Provided records —
--
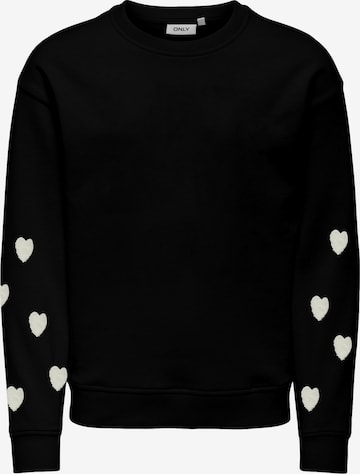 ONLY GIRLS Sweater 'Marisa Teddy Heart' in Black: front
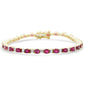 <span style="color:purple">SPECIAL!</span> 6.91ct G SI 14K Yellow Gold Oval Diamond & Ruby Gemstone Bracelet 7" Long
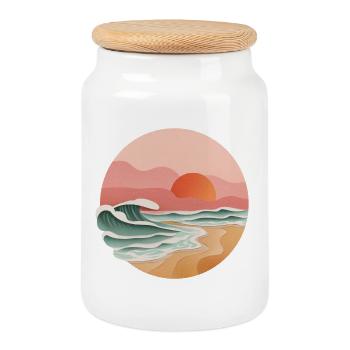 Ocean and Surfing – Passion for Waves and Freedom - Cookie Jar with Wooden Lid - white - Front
--
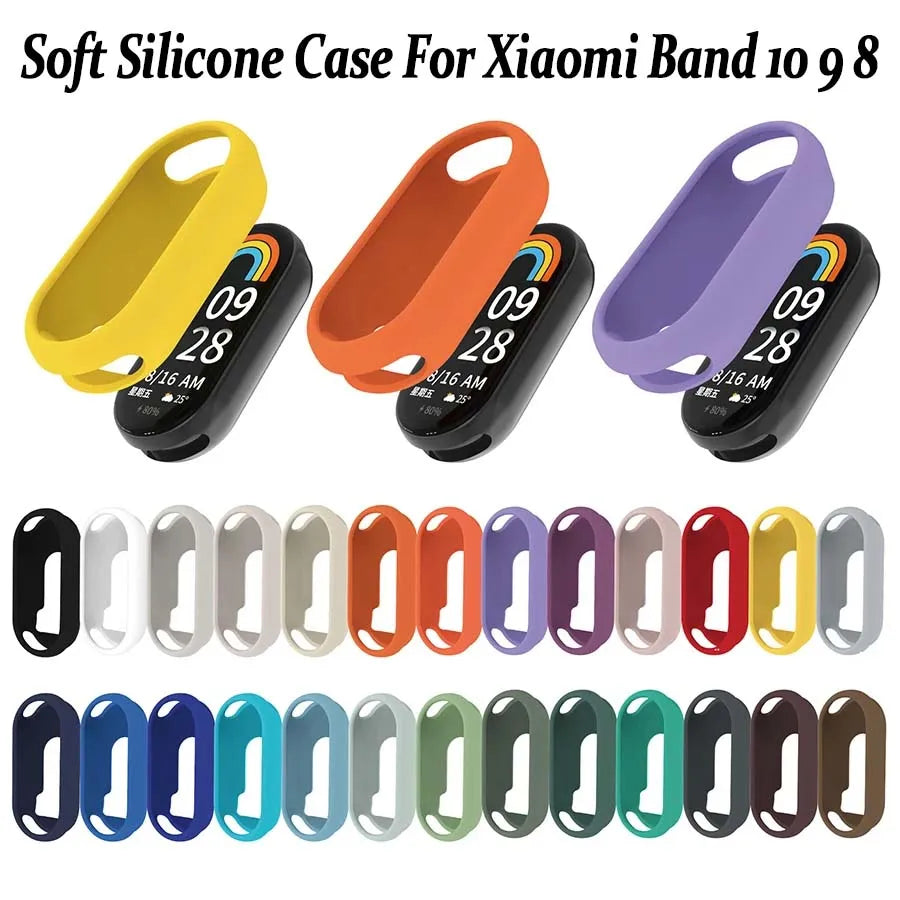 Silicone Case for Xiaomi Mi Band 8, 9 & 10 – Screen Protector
--
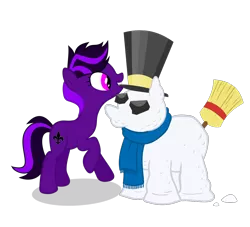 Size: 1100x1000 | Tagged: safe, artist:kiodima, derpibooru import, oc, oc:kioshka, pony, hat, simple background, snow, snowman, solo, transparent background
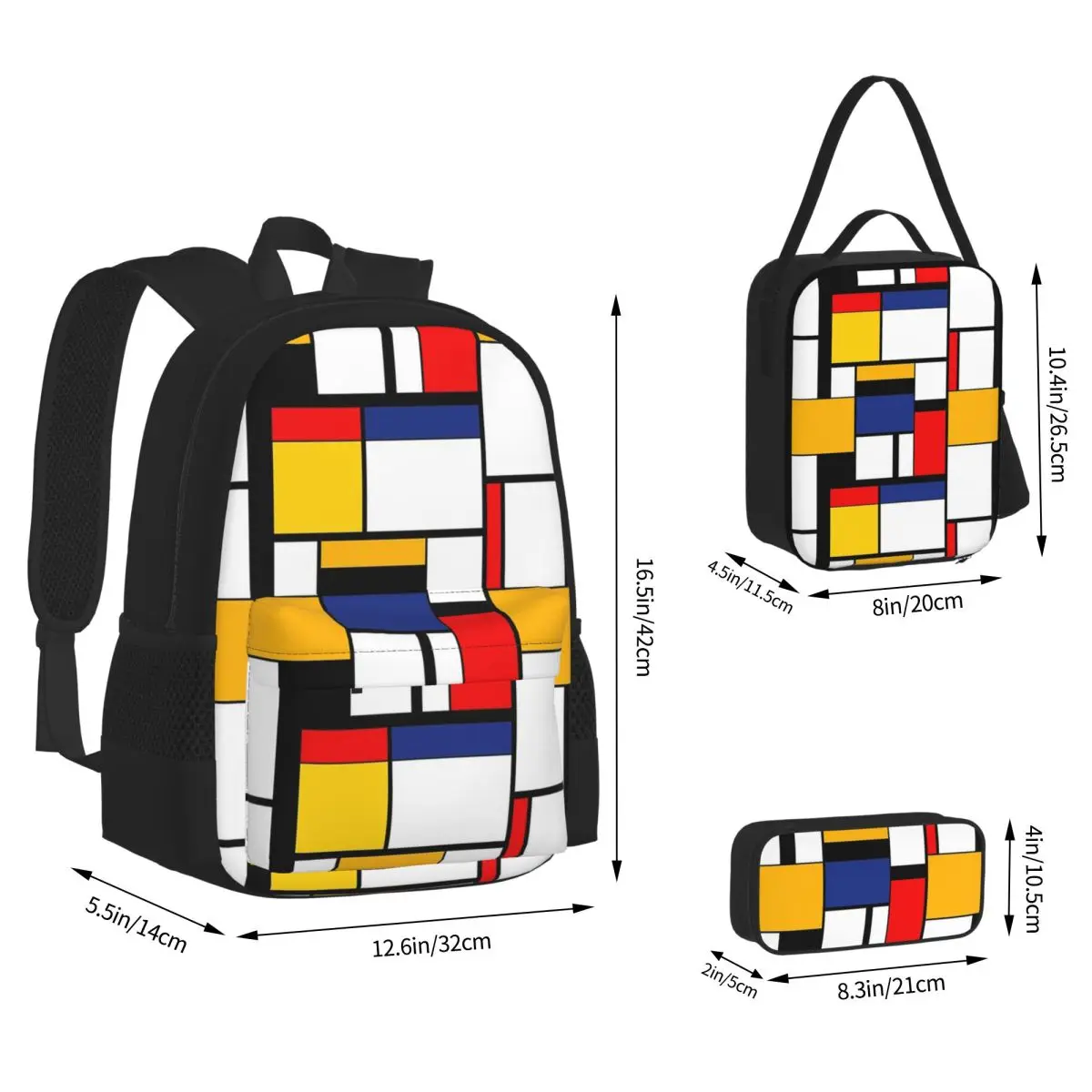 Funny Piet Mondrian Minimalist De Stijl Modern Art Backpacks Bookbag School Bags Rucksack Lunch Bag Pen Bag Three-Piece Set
--
Your instructions — Begin at the line in the entries above that has "6.91ct G SI", stop after the line that has "Ocean and Surfing", and output exactly those lines without pictures.

Exercise answer —
 <span style="color:purple">SPECIAL!</span> 6.91ct G SI 14K Yellow Gold Oval Diamond & Ruby Gemstone Bracelet 7" Long
 Ocean and Surfing – Passion for Waves and Freedom - Cookie Jar with Wooden Lid - white - Front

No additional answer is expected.